I've actually asked this NUMEROUS times (and to some very high-end breeders) and oddly enough...always get different answers. :? Some breeders are adament that you only number the one's that get registered/live... some breeders are adament that you number every one including those that do not get registered/survive. 

For example: Triplets, #1 wethered, #2 doeling, #3 died.... some people would only number/tattoo the #2 doeling and move on. Some would number/tattoo only the first two kids & not the one who passed on. And some would give numbers to all three.

I'm sure the registries actually have a "rule" about this, but I still think there is a lot of confusion about it. I think some of it depends on how you personally run your program.... for example, do you want to know that exact number of kids born on your farm (ALL kids no matter what). Or would you rather just record the one's that live/get registered...

I'm interested to know what others say here too....
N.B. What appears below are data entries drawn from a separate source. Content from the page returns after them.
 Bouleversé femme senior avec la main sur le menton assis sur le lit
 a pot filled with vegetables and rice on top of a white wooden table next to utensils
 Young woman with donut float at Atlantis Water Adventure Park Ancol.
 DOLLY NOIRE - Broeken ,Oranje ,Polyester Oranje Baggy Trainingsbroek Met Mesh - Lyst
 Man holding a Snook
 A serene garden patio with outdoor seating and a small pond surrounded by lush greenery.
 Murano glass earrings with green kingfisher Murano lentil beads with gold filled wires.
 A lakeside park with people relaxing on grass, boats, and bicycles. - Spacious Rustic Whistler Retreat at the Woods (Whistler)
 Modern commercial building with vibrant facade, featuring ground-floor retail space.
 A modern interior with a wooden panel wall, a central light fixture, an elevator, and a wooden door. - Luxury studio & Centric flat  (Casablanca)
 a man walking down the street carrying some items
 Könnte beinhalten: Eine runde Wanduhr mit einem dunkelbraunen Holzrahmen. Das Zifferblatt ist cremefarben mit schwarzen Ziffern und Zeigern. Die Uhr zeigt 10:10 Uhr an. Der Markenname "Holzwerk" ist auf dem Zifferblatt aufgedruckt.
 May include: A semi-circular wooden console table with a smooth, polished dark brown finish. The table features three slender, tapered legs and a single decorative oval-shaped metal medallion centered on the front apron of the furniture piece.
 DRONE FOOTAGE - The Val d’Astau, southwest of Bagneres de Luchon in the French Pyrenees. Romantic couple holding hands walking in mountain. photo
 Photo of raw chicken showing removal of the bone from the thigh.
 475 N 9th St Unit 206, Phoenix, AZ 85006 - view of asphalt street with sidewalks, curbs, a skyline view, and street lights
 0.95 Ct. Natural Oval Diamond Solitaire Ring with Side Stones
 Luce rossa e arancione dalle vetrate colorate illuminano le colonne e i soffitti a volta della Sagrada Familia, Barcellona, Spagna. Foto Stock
Our first year we were told to just number the one's that got registered and not the wethers (none died). But we've since switched to numbering all, although now that I think about it I've only had one that was stillborn (last year) and I do not believe I included her.... would have to check to be sure...


----------



## ()relics (Dec 25, 2010)

Ok so in my state all animals that are transported ANYWHERE have to be indentified with either a tattoo or a tag. Intact non-registered breeding animals must have a scrapies tag. Wethers that are/will be shown must have a county ID tag....confusing...essentially every animal on my farm has an ID number. Some have registeration tattoos, with matching paperwork, some have county tags, my show/potential show wethers, and some have scrapies tags. REALLY confusing. All these sets of identificaion methods are trackable back to my farm and match my herd/brith records...When a kid is born I decide how I am going to identify it...scrapies tag, county tag, tattoos. If I were to tattoo and number every kid, I would end up with kids that have multiple ID numbers, a B or A number and a county or scrapies tag...EVEN more confusing. The best idea is to essentially run 2 or 3 sets of number sequences. Now that sounds EVEN MORE confusing, but in reality its the simplest, at least for me. If I do tag a kid and later decide to register it I _can_ always go back and tattoo it but it will always keep the same number.
Then add the potential of buying a kid with a tattoo number that matches one of yours, the kid number not the herd ID. You might have 2 kids with a B5 tattoo...It really makes no difference how you do it as long as your records match your animals, tags/tattoos. Same goes for your registration paperwork...as long as the tattoos match the paperwork....Call your Association...Several years ago I bought a buck that had a tattoo that didn't translate into what I thought I should be, the letter in the ear didn't match the Suggested letter for the year the buck was supposedly born. I called My association and they said as long as the tattoo matched the paperwork He was OK to Go.


----------



## 4hmama (Jan 9, 2009)

Not sure about the right answer, but here is what I do.... I give all babies a number - deceased babies also. If the baby dies, the number still goes with it. My thinking is that you have to put down on the reg. applications how many animals born in the 'litter', so if they are going to count numbers there - the number should be counted when figuring tattoo numbers. If mama has babies B1, B2 and B3 - and B3 dies, the next mama that delivers will have kids starting with B4. Thats how I do it - right or wrong.


----------



## KW Farms (Jun 21, 2008)

On the paperwork it says...number of kids in birth. It doesn't matter if you had 4 and 3 died...2 and 1 is a non show wether...etc. You just put the exact number that were born to that litter.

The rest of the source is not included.